Lalu, tanpa ragu lagi sayapun menceritakan tentang rasa cape dan bosan yang sudah mulai menghantui hati dan perasaan menjalani profesi kuli tinta amatiran.
Cape karena kerap dihadapkan pada intimidasi-intimidasi dari oknum-oknum tidak jelas, bosan dengan segala rutinitas yang hasilnya tidak seberapa. Padahal resiko yang dihadapi jauh lebih besar, hingga menyangkut keselamatan diri.
"Tah, kitu kang,"Â (Baca : Nah, begitu kang), saya pun mengakhiri keluh kesah diri.
Setelah mendengar semua keluh kesah saya, Kang Maman hanya tersenyum. Lalu kembali bertanya.
"Kinten-kintena naon nu bakal dipilampah ku aa pami ninggalkeun profesi ayeuna?" (Baca : Kira-kira apa yang akan dikerjakan jika harus meninggalkan profesi saat ini).
Saya tertegun dengan pertanyaan itu. Bukan karena pertanyaannya sulit. Tapi, memang, saya sendiri tidak tahu akan berbuat apa jika harus meninggalkan profesi amatiran ini. Sementara kemampuan diri untuk melakukan hal-hal lainnya pun terbatas.

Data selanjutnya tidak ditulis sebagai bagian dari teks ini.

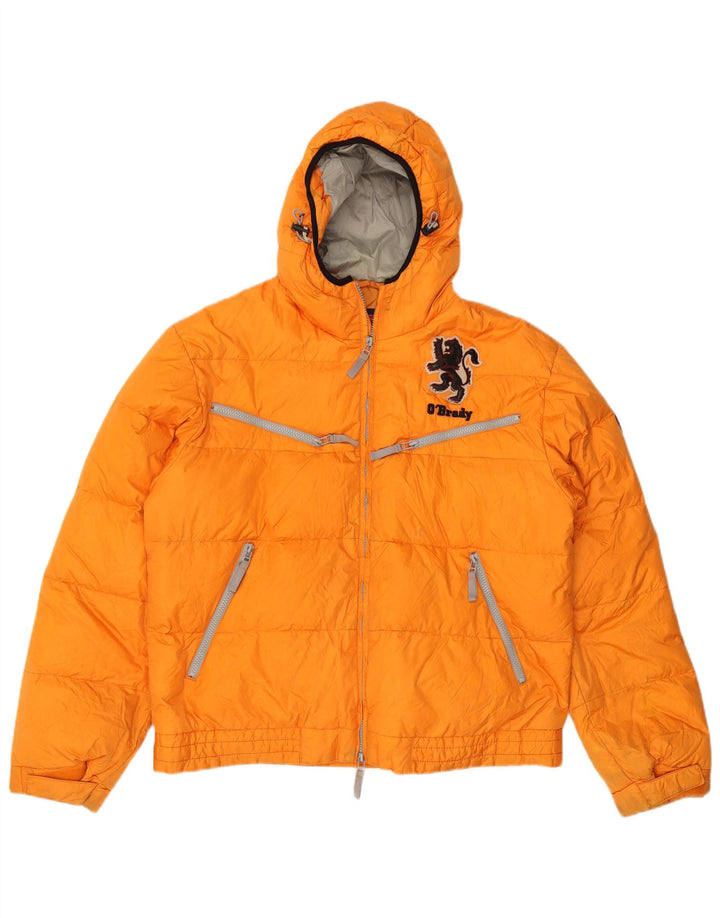 Wattierte Vintage-Herrenjacke mit grafischer Kapuze, UK 42, XL, Orange, Polyester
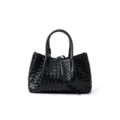 Bolso tote negro de piel trenzada, elegante bolso de mano diario con asas y gran espacio. - S / Negro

"Duka atuh." (Baca : Entahlah). Hanya itu yang bisa saya ucapkan menjawab tanya Kang Maman.
Menginspirasi
Usia Kang Maman memang terpaut lumayan jauh dengan saya kala itu. Namun saat mendengar keluh kesah saya tak tampak sedikitpun ingin menggurui.
Dia justru sangat hati-hati saat ingin menanggapi keluhan saya tadi.